Я стиснула зубы, упершись лбом в стенку, а слезы, молча и безнадежно, текли по моим щекам. Он не слышал меня. И не понимал или не помнил, что происходило всю последнюю неделю. На каком-то невидимом условном перекрестке мы уже начали движение в разные стороны. И в глубине сознания я начинала понимать, что все не так просто. И само ничего не рассосется. Но в данный момент хотела только хотя бы передышки. Просто передышки. «Чуть позже мы обязательно с этим разберемся», — первый раз в жизни я отодвинула решение проблемы на неопределенное будущее. И это была самая первая крупная ошибка. Чуть позже я поняла, что судьба не прощает трусости.

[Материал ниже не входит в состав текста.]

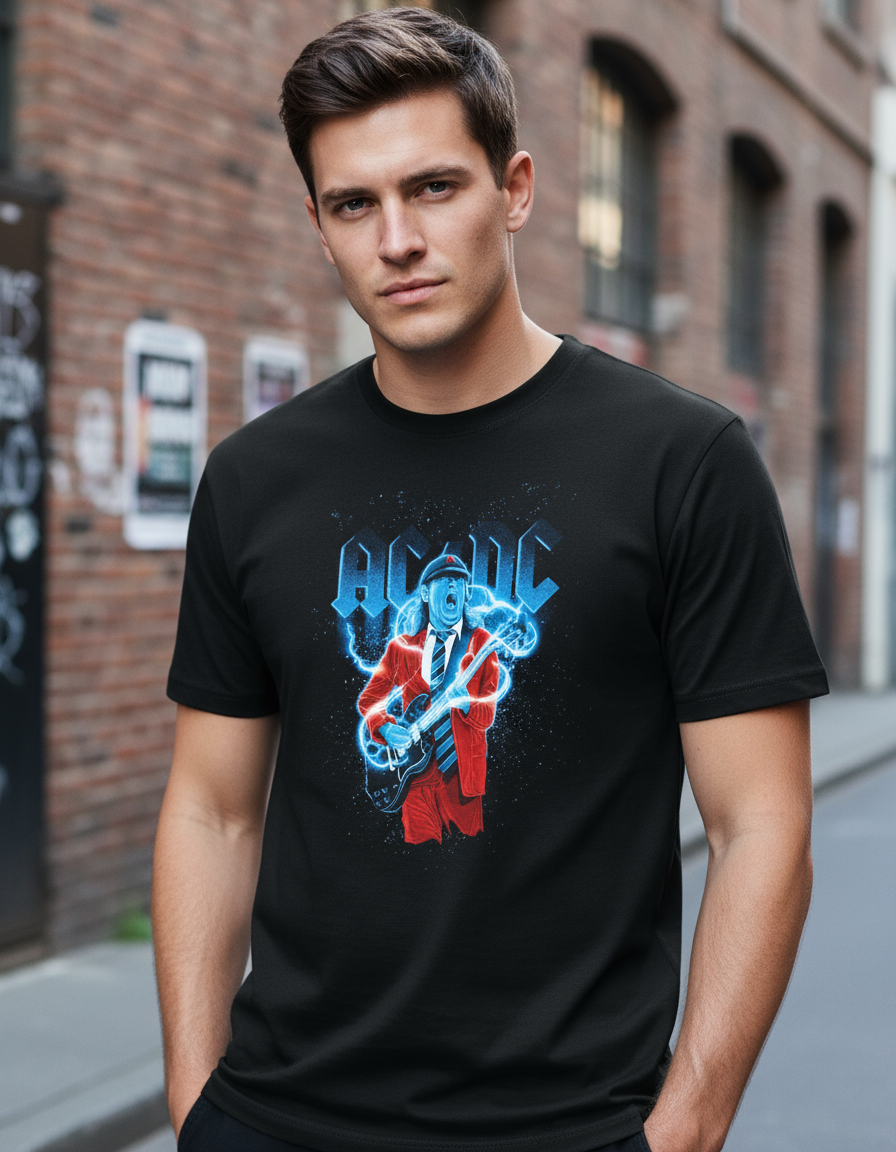 Remera: Ac Dc Brian Memoestampados
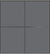 Custom Sliding Black Aluminum Doors - Style 02 - 2 doors  - Silver Gray Glass
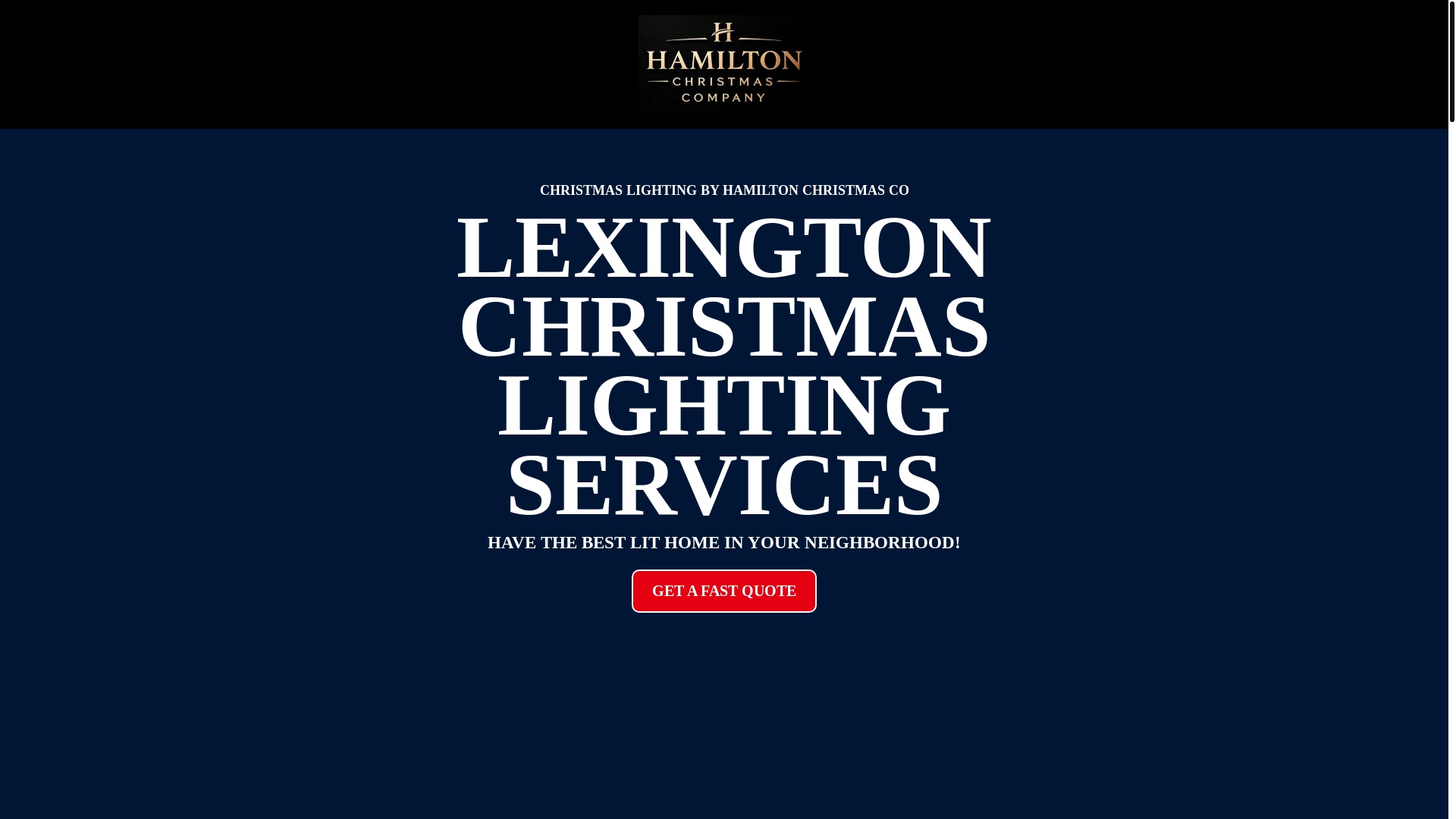 website screenshot of https://hamiltonchristmascompany.com/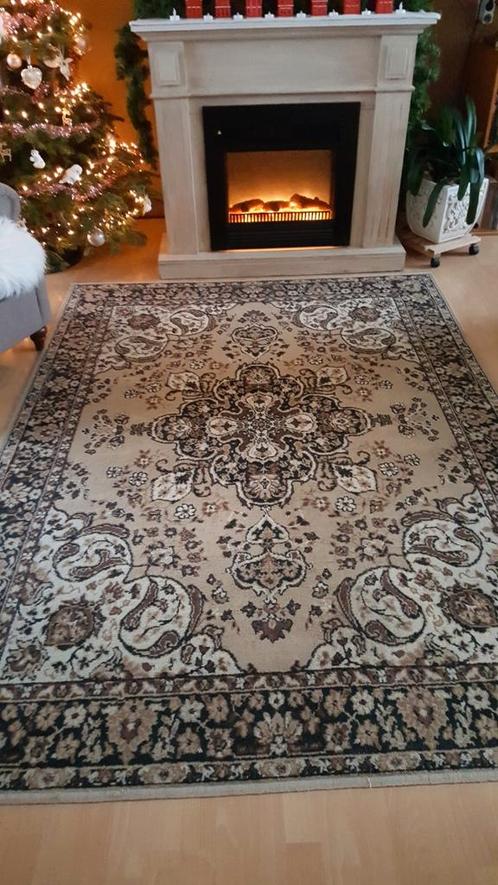 Perzisch vloerkleed., Huis en Inrichting, Stoffering | Tapijten en Kleden, Gebruikt, 200 cm of meer, Rechthoekig, Crème, Beige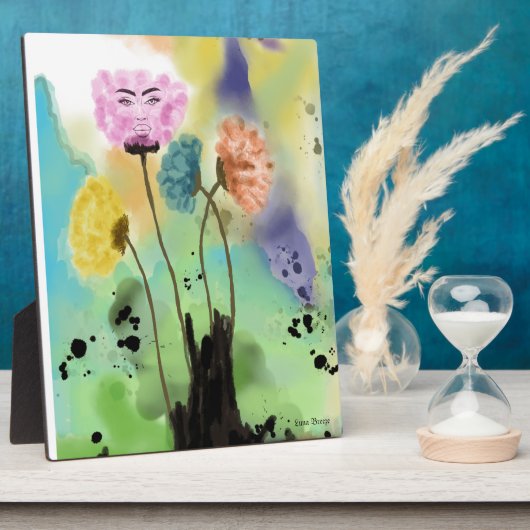 Tabletop Abstrakt Plaque mit Easel Fotoplatte (Seite)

И то, что должно быть сделано сразу, должно быть сделано сразу. Решено и сделано. Отсрочка принятия решения не дает ничего, кроме новой волны проблем.

***

Вечером мы все-таки поехали в театр. Это была какая-то современная комедия. На самом деле, довольно веселая, и артисты старались играть хорошо, и сама режиссерская идея была просто замечательной. Кофе в буфете был прекрасен, а свежее шоколадное пирожное я умяла, сама не заметив как, и Влад мужественно придвинул мне половину своего. Ко второму акту настроение у меня начало выправляться, и мир снова начинал казаться не таким уж и коварным. Все-таки, несмотря ни на что (даже на нашествие демонов), в нем оставалось ещё так много прекрасных вещей, ради которых стоило жить.

Когда прозвенел третий звонок после антракта, и мы вместе со всем залом принялись шумно рассаживаться по своим местам, в кармане у Влада завибрировал телефон. Он недовольно вытащил его, с досадой посмотрел на номер и, бросив мне шепотом и торопливо «Нужно ответить, это по работе», выскочил из зала.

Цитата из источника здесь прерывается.